An inquiry into the questions and doubts we all invariably face about building in public and why it might be the right strategy for strengthening commitment via community.
What is Building in Public? What does it really mean? Why have I simultaneously embraced building a readership and beginning a dialogue with others and yet find myself completely resistant to the idea that anyone should read beyond the last word of this sentence?

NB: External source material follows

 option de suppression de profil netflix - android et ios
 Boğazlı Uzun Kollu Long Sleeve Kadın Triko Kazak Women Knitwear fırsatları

Steven Pressfield is out with a new book this month and is currently a featured guest on many of my favorite podcasts. His conversation with Tim Ferriss addresses the struggle:
In my book The War of Art, I talk about the concept of resistance with a capital R, which is again, that force of self-sabotage is a big theme in my life, that will try to stop you as a writer or an artist or anybody from achieving your best work, from following your calling, will try to distract you, undermine your self-confidence, make you procrastinate, make you quit, make you give into fear, or on the other hand, make you such a perfectionist that you spend all day on one paragraph and you accomplish nothing.
Rich Roll and Steven talk about it in another way:
What makes that so powerful against us is that we think it is our own thoughts. We think, “Oh, that’s me, assessing the situation objectively”—but it is not.

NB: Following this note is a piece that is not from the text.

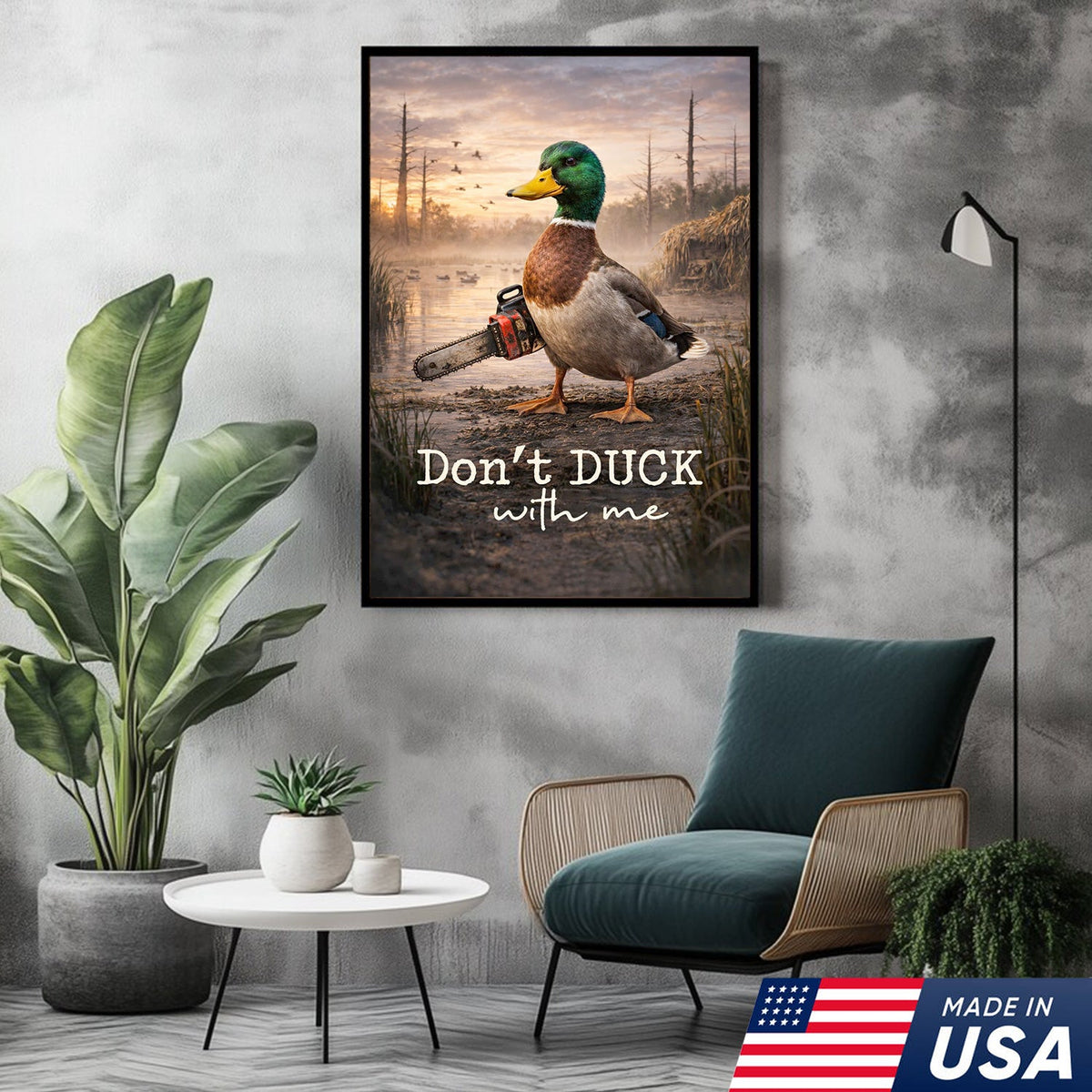 Don’t Duck With Me Canvas Wall Art, Funny Duck Chainsaw Artwork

Knowing that my ambivalence and misgivings about building in public might not even be my own, I set out this week to learn more.
Maybe it doesn't need to look like this:
I find that I'm not self-conscious about sharing my thoughts when they are part of being a sounding board. Last week, our No Code group held a brainstorming session in which four participants presented their current projects. I was there to provide feedback based on my perspective as an experienced investor.
When looking at an early stage project, I try to find its most exciting possibilities. Of course, at that stage, these are always accompanied by some obvious sticking points. To be helpful, I can’t simply suggest that someone follows the vectors of highest potential unless I can simultaneously provide them with some precedents and examples that illustrate for them how they might address the bottlenecks.
Expanding an idea tends to increase the surface area available for suggesting radical improvements. With this upside revealed and the impediments somewhat reconciled, the project can then be shrunk back to the dimensions it needs to operate in for the weeks and months ahead.
Sometimes the role is reversed and I’m stuck in the practical while the entrepreneur is seeing all the possibilities. That was the case when Sharath Kuruganty asked me for my thoughts about Shoutout.so, which gathers and provides social proof for people and companies. Shoutout’s origin story describes the company well:
I've got to tell readers that the idea behind Shoutout was actually born from one of KP's tweets. He gave an awesome shoutout to me and a couple of friends and like always I saved it to my bookmarks (knowing that I will never revisit). At that moment an idea popped into my head. Wouldn't it be amazingly cool to have a platform where I can save and showcase all the shoutouts I get on Twitter? In the next two days, I shipped a landing page and started working on it since then.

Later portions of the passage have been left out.